Koons v. Commissioner
It appears that Mr. Koons’ careful estate planning, involving a significant sale and redemption transaction of business operations to provide liquidity and flexibility in his later years, was disrupted by an untimely death. While estate planning professionals can hardly advise against a premature passing, the disruption here highlights the importance of starting early with business valuation input to help avoid a complex confluence of strategic transactions within a narrow time frame.
The Court rejected the Estate’s claim seeking a 31.7% marketability discount applied to a Revocable Trust’s ownership interest in a family-owned Limited Liability Company. The Estate’s expert calculated a marketability discount through a regression analysis. It was his opinion that a substantial risk existed that the Trust’s contemplated redemptions of Member Interests, contracted for as part of a planned redemption, might not be consummated. The contemplated redemptions would place the Trust in a voting control position.
The Court agreed with the IRS expert’s conclusion that the referenced redemption offers were binding contracts and were expected to be consummated. The lower risk implicit in the likelihood of a transaction, in context with the implicit voting control position, resulted in the IRS marketability discount of 7.5%, which was accepted by the Court.
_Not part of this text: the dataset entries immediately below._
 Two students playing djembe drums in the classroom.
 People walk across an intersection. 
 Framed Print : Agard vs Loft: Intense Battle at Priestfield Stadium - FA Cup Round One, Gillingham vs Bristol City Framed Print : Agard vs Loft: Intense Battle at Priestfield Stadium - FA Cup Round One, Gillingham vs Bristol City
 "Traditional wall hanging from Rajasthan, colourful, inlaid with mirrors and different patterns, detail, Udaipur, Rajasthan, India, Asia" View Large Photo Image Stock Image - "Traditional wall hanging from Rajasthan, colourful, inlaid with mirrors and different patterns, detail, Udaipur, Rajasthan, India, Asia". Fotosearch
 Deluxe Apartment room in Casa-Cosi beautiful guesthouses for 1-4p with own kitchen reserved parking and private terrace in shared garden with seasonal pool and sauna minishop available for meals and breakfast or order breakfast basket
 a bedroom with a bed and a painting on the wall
The Court also held that claimed interest expense in the amount of $71,419,497 on a $10,750,000 loan from CI LLC to the John F. Koons III Revocable Trust is not deductible to the Estate as an essential expense. The Trust had borrowed the $10.75 million from the LLC in order to pay estate taxes.
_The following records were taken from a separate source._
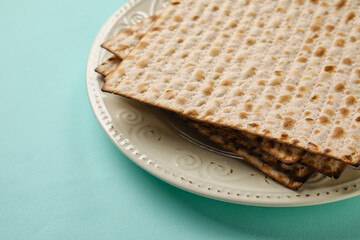 Plate with Jewish flatbread for Passover on color background, closeup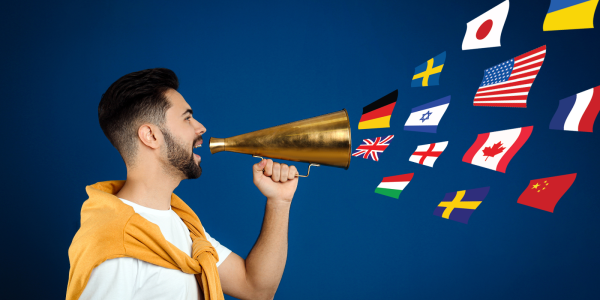 A person holding a cone to their mouth with various international flags floating out of the cone. 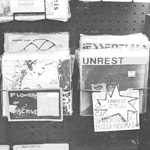 FLOWERS OF DISCIPLINE, UNREST, 7-inch singles on sale at Olsson's Books and Records, Georgetown, Washington, D.C.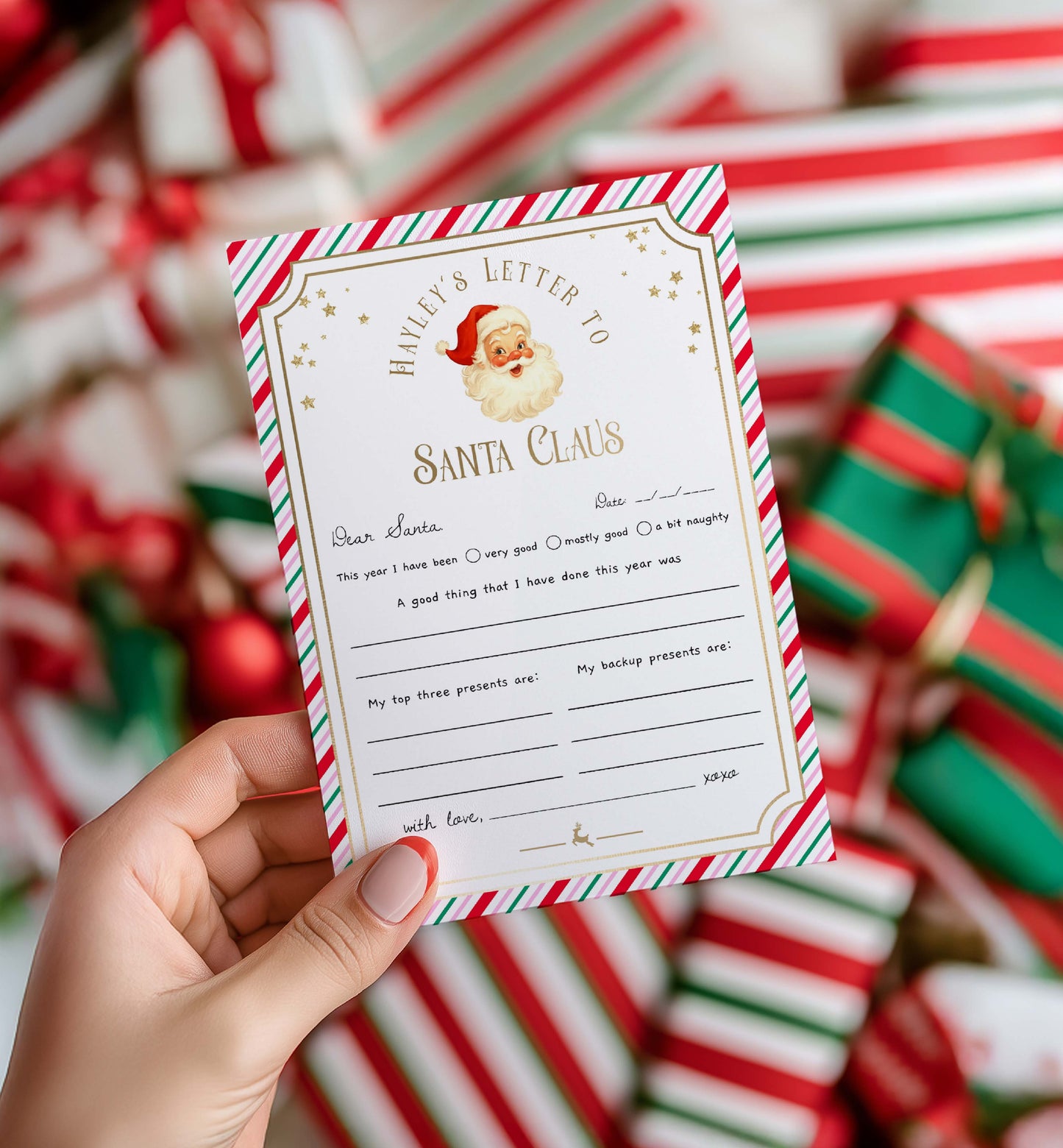 Letter to Santa Claus held by a hand with Christmas presents in the background. Printable Letter To Santa Template, Christmas Eve Mail for Kids, Children's Christmas Wish List, Dear Santa Christmas Letter, Stripe Pink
John Koons III (the “decedent” or “Koons”) died on March 3, 2005. At issue before the court was the value of his interest in his Revocable Trust (the “Trust’), as well as the deductibility of claimed interest expense on a loan which was incurred by the Trust to make payments on the estate tax liability.
In 1934, the father of John Koons III began buying shares in the Burger Brewing Co., which owned and operated a Cincinnati brewery. The decedent also purchased shares and later became the company’s president and CEO. Under Koons’ leadership, the company began bottling and distributing Pepsi soft drink products in the 1960s. In the 1970s the company stopped brewing beer altogether, and changed its name to Central Investment Corp. (“CIC”). Diversifying its business further, it expanded into the business of selling food and drinks from vending machines.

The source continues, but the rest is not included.